Al di là del grottesco insito in questi episodi, l’aspetto grave è che l’angoscia suscitata dalla crisi suggerisce a tanti nostri concittadini l’idea che circoscrivere una sfera d’azione più piccola possa salvarli dai problemi, per i quali cercano sempre un colpevole in modo schematico. Quando poi, come accade, c’è chi soffia sul vento della disperazione con la demagogia, tutte le idee, anche le meno fondate, appaiono buone. E in questi casi l’intolleranza e la xenofobia sono dietro l’angolo.

Così diventa credibile che in un’economia complessa e mondializzata già da un paio di secoli almeno, sia possibile creare opportunità di produzione, esportazione, ricchezza e lavoro costruendo uno stato piccolissimo, tutto nostro, senza intrusioni. Diventa credibile che basta tornare alla lira per ritrovarsi le tasche piene di soldi e i prezzi bassi, come se sui mercati internazionali potesse essere stabile la moneta di una nazione isolata e marginale e come se tutte le merci, e soprattutto il petrolio, si potessero acquistare a prezzi stabiliti con il parametro della moneta di un piccolo stato. Diventa credibile, in definitiva, che ci sia una soluzione facile e immediata che possa cambiare di male in bene le situazioni. È lo stesso meccanismo  che induce tanta gente a giocare forsennatamente alle mille estrazioni, lotterie e scommesse, nell’assurda e semplificatoria speranza che un evento possa così d’improvviso cambiare la vita e cancellare le preoccupazioni.

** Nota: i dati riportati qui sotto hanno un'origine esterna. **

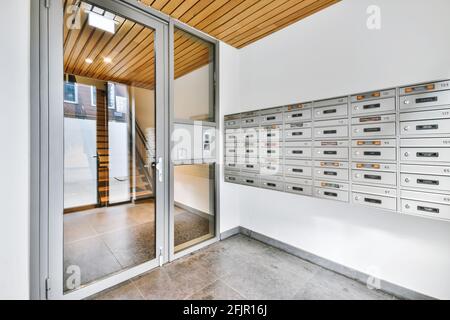 Boîtes aux lettres près de la porte vitrée du bâtiment de l'appartement Banque D'Images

Soffia un forte vento di irrazionalità nella visione del mondo, della politica e dell’economia, che impedisce di vedere l’unica via percorribile: trovare la forza e il coraggio di ricostruire un Paese allo sbando, non con l’egoismo miope di agire ciascuno pro domo sua, ma con la lungimiramza della coesione sociale e di un progetto comune, a partire dall’indifferibile moralizzazione della vita pubblica. Non è più tollerabile la partitocrazia che mira solo ed esclusivamente ad occupare e spartire poltrone, e a null’altro, nè sono tollerabili scandali come lo sperpero sfacciato del denaro pubblico, come ci dicono le cronache delle inchieste sull’uso dei rimborsi in tante regioni, o, ancor peggio, gli intrecci fra politica e malavita, su cui l’arresto del campano Cosentino torna ad accendere i riflettori.

Ma forse la moralizzazione più urgente è la drastica riduzione dello scandaloso divario fra le retribuzioni d’oro di alcuni e i salari da fame di tantissimi altri. Fissiamo dei parametri che stabiliscano quante volte di più, al massimo, possano percepire le figure apicali di un settore lavorativo, rispetto ai lavoratori della base. Parametri equilibratamente commisurati alle responsabilità, alle competenze, alle specializzazioni, ma che non oltrepassino mai il criterio-guida: la dignità del lavoro. Senza giustizia sociale, non può esserci coesione.